* _Source material_

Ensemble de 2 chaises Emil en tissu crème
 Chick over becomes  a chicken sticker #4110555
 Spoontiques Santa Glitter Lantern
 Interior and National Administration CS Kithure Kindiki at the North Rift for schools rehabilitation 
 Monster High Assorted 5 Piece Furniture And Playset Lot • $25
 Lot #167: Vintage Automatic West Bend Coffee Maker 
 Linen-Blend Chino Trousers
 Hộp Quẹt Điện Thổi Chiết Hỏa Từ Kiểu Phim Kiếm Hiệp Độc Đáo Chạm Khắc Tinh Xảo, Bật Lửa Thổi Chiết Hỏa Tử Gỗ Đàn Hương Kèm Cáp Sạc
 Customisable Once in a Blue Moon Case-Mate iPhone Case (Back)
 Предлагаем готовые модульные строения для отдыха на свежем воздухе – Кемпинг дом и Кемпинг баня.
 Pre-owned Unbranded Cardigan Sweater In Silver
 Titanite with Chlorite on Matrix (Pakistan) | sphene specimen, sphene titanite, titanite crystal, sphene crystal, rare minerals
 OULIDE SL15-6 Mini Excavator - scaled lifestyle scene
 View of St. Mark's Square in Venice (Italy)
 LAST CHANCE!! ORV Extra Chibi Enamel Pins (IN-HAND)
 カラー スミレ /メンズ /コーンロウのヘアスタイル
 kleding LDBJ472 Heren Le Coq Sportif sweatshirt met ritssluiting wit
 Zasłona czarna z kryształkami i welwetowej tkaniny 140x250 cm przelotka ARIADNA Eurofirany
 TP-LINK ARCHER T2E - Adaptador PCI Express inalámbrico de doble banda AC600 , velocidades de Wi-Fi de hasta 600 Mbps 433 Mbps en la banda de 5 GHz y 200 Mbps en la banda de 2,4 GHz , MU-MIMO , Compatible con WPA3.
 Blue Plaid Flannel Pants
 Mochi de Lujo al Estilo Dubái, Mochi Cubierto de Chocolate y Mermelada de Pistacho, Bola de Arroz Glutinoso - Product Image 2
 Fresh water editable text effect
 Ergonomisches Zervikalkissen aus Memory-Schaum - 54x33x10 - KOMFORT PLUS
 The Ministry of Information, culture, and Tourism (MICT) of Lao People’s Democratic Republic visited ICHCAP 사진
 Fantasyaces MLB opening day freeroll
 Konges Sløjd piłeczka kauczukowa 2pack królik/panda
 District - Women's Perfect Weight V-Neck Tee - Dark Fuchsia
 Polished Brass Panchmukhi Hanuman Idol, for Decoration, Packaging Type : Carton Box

* _Exercise aim_
Looking at the entries above, can you reproduce exactly the lines from the one that holds "Interior and National" through the one that holds "Pre-owned Unbranded Cardigan", and only those?

* _Completed exercise_
 Interior and National Administration CS Kithure Kindiki at the North Rift for schools rehabilitation 
 Monster High Assorted 5 Piece Furniture And Playset Lot • $25
 Lot #167: Vintage Automatic West Bend Coffee Maker 
 Linen-Blend Chino Trousers
 Hộp Quẹt Điện Thổi Chiết Hỏa Từ Kiểu Phim Kiếm Hiệp Độc Đáo Chạm Khắc Tinh Xảo, Bật Lửa Thổi Chiết Hỏa Tử Gỗ Đàn Hương Kèm Cáp Sạc
 Customisable Once in a Blue Moon Case-Mate iPhone Case (Back)
 Предлагаем готовые модульные строения для отдыха на свежем воздухе – Кемпинг дом и Кемпинг баня.
 Pre-owned Unbranded Cardigan Sweater In Silver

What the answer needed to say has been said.